Versant nord du Fenouillet: des températures plus fraîches
Cette année, les pluies abondantes de mars ont causé des soucis: « On n’a jamais traité en plein air. Et là, cette année, on n’a fait que traiter », avoue l’horticulteur face aux développements de champignons. L’emplacement sur le versant nord du Fenouillet, bénéficiant de températures naturellement plus fraîches, reste un atout majeur pour cette culture.
L’agrandissement de l’exploitation s’est fait progressivement, parfois aidé par des coups du sort, comme des erreurs de livraison de plants qui ont finalement permis d’obtenir de nouvelles variétés intéressantes. Michael Loiseau reste prudent: « On plante des valeurs sûres, privilégiant les variétés éprouvées aux nouveautés incertaines ».

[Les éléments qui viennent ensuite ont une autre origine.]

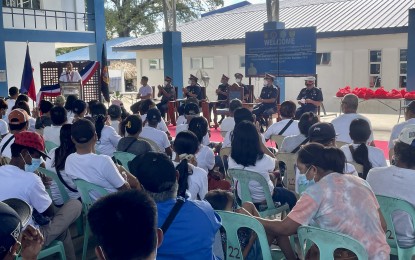 <p><strong>LIVELIHOOD SUPPORT.</strong> Ilocos Norte Gov. Matthew Joseph Manotoc welcomes former supporters of the New People's Army as they turn their back on anti-government activities. On Monday (Jan. 16, 2023), some 197 former members of communist groups and sectoral front organizations were handed PHP3,000 each along with family food packs at Camp Valentin S. Juan in Laoag City. <em>(PNA photo by Leilanie Adriano)</em></p>
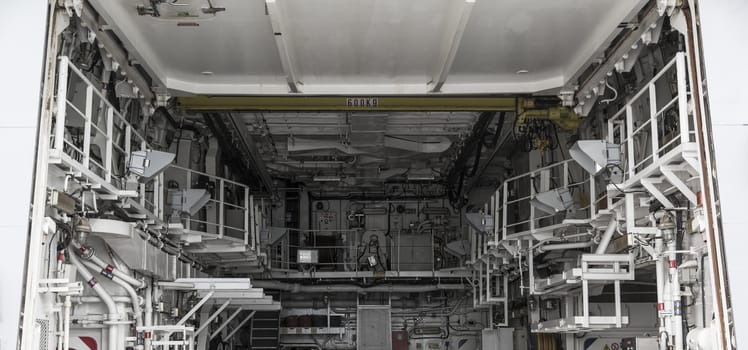 The interior of a machine room in inside a ship.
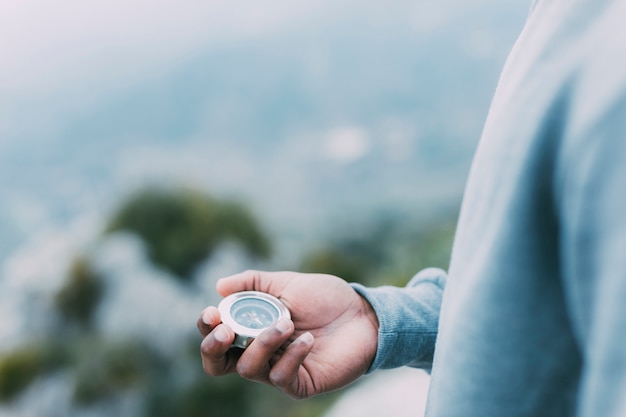 Hiker looking at compass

En ce moment, l’exploitation mobilise une équipe importante: sept personnes à plein temps, de l’étudiant au retraité, qui viennent renforcer la famille. Toute la production est acheminée au marché aux fleurs d’Hyères. Entre tradition familiale, adaptation aux aléas climatiques et modernisation, la culture de la pivoine à La Crau continue de fleurir, portée par la passion de père en fils pour cette fleur emblématique.
Des robots au marché aux fleurs
Gilles Rus, Directeur du développement du marché aux fleurs d’Hyères, analyse l’évolution spectaculaire de la pivoine: « En vingt ans, il y a eu une inversion de marché entre la rose et la pivoine. Si la pivoine est aujourd’hui le premier marché avec un chiffre d’affaires de plus de 10 millions d’euros, il y a vingt ans, la rose était à ce niveau ».

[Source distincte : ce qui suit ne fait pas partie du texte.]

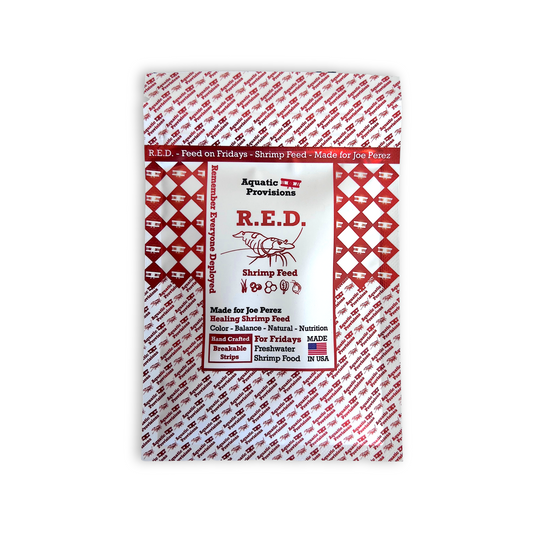 R.E.D. Shrimp Feed packaging with red and white checkered pattern on a white background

Cette mutation s’explique par la concurrence internationale sur la rose, qui nécessite du chauffage, alors que la pivoine, fleur d’extérieur, est parfaitement adaptée au climat varois, alternant froid hivernal et chaleur printanière.
Le marché varois est devenu un leader national pour la pivoine, rivalisant avec la production italienne. Pour gérer les volumes importants durant la saison courte (mi-avril à mi-mai environ), le marché s’est doté d’outils performants: « Notre plus est désormais deux robots de conditionnement qui nous permettent de trier rapidement les tiges par taille et maturité », précise Gilles Rus. Ces robots sont une aide précieuse pour les producteurs. Si le cœur de la production se situe dans le « triangle d’or » (La Crau, Carqueiranne, Hyères), le marché valorise aussi les apports d’horticulteurs du reste du Var, du Vaucluse et même de la région grenobloise, permettant d’étendre la période de commercialisation avec des fleurs plus tardives.